Time to pull out the chessboard. West Seneca Supervisor Gary Dickson is the newly minted Republican nominee against Democratic state Sen. Tim Kennedy in the Buffalo area congressional special election. The district is a Democratic stronghold, and Dickson will need a lightning strike to win. It can happen – looking at you, Bob Turner – but even if it doesn’t, making a tough run now could be a good chess move for Dickson if he’s thinking of elective office beyond town hall later. Speaking of political chess, Joe Sempolinski knows a thing or two about how to play the game. His 112-day stint in Congress in 2022 has positioned Sempolinski to be the odds-on favorite to capture a Southern Tier seat in the state Assembly.

WINNERS:

Joe Borelli, Vito Fossella, Nicole Malliotakis -

If New York City’s law allowing non-citizens to vote in local elections was going to get overturned anywhere in the city, it was in Staten Island. A Staten Island judge struck down the new law back in 2022. And this week, an appellate court upheld that ruling, deeming the law – which had yet to go into effect – unconstitutional. It’s a big win for City Council Minority Leader Joe Borelli and his fellow Staten Island Republicans, Borough President Vito Fossella, and Rep. Nicole Malliotakis. As Borelli poetically put it, “I won, baby, I won.”

Sarahana Shrestha -

Assembly Member Sarahana Shrestha secured the Ulster County Democratic Committee’s endorsement over primary challenger Gabi Madden, a former state Senate staffer. Madden has backing from mainstream Democratic elements in the 103rd Assembly District, but not getting the nod complicates things as Ulster County makes up much of the district. Shrestha, who won by a wide margin,, now moves toward the primary knowing that her progressive leanings won’t be the issue that her challenger made them out to be.

Letitia James -

When a judge ruled last week that former President Donald Trump owed north of $450 million in the civil fraud judgment against him, it was more than just a legal victory for state Attorney General Letitia James. The whopping fine was the cherry on top of a sundae that showed James is pulling off the all-too-rare feat of actually following through on a campaign promise.

LOSERS:

Kathy Hochul -

When a joke doesn’t land, one would hope that the worst that would happen is some awkward silence.
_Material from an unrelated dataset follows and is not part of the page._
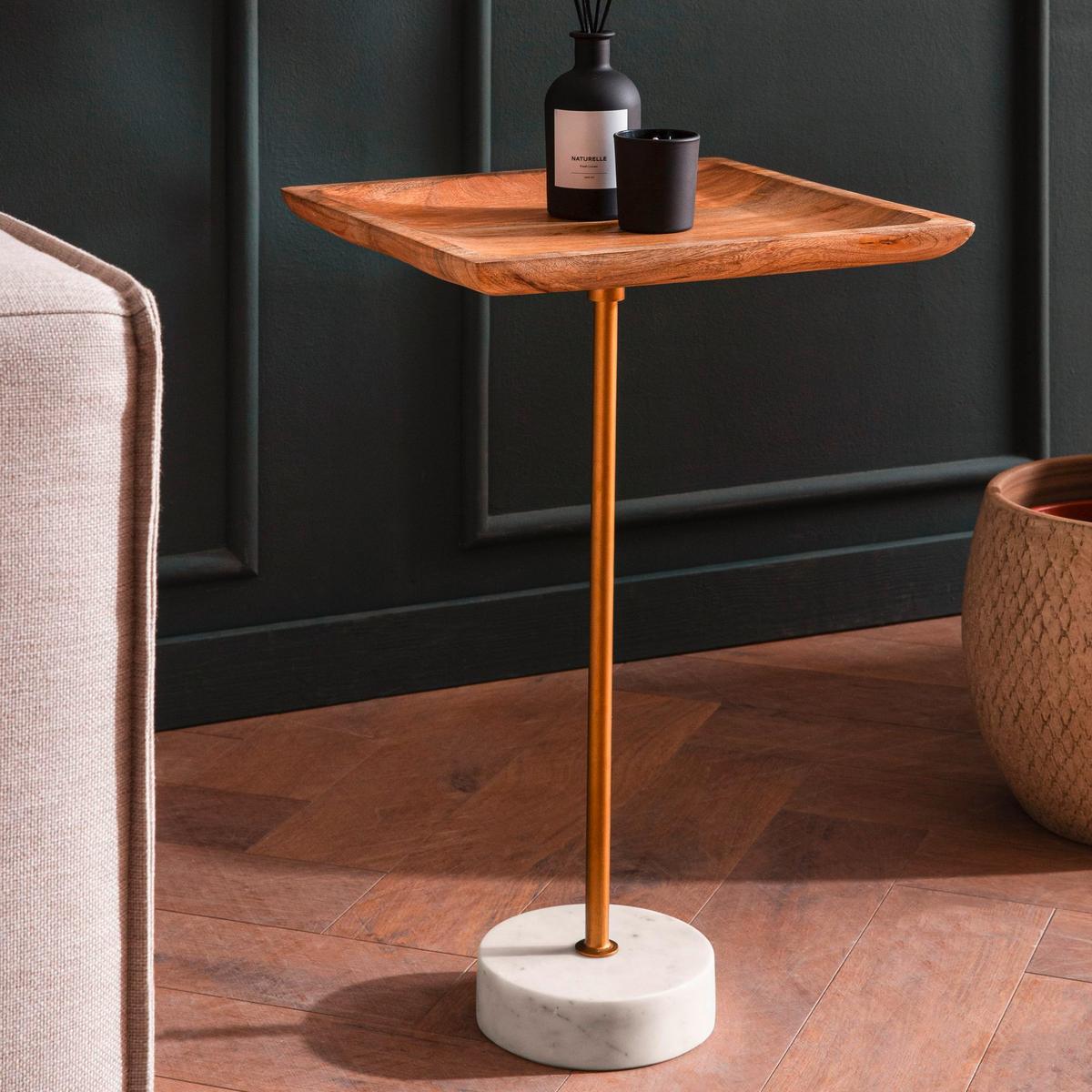Beistelltisch Goldfarben, Eiche L: 35 cm - Eichefarben/Goldfarben, Design, Holz/Stein (35/35/55cm) - Livetastic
Unfortunately for Gov. Kathy Hochul, she had to issue a whole apology for kind of, accidentally, joking that New York would genocide Canada if it attacked Buffalo in an outlandish hypothetical. And implying that Israel, in its very real military response to the Oct. 7 attack, had the right to wipe the Gaza Strip off the map as a means of self-defense. It only took a few hours after the clip of Hochul’s remarks became public for her to issue an apology, but by then, the video had already made the rounds.

Kevin Rabbitt -

NYC Ferry operator Hornblower saw its overnight cruise business sink in  a bankruptcy filing made this week, which it blamed on the lingering economic impacts of COVID-19 and rising interest rates. Stepping in to save the day is a creditor, private-equity firm Strategic Value Partners, which will get majority ownership if the Chapter 11 filing is approved, throwing CEO Kevin Rabbitt a life preserver that “injects new capital” into Hornblower to keep the city’s ferry service afloat.

Meg Kelly -

You do not want to be on the wrong side of a Letitia James investigation. Just ask Andrew Cuomo and Donald Trump. The state AG’s office dropped a report that found that former Saratoga Springs Mayor Meg Kelly, along with then-Public Safety Commissioner Robin Dalton and then-Police Chief Shane Crooks, violated protesters’ constitutional rights during and after the 2020 Black Lives Matter demonstrations. The top officials allegedly ordered arrests of protesters when no crimes had taken place and suggested the city send Child Protective Services to check on the children of a protest leader, apparently as an intimidation tactic. Through a FOIL request, the Daily Freeman got ahold of some of Kelly’s texts to fellow city leaders: “I hate these people,” she wrote.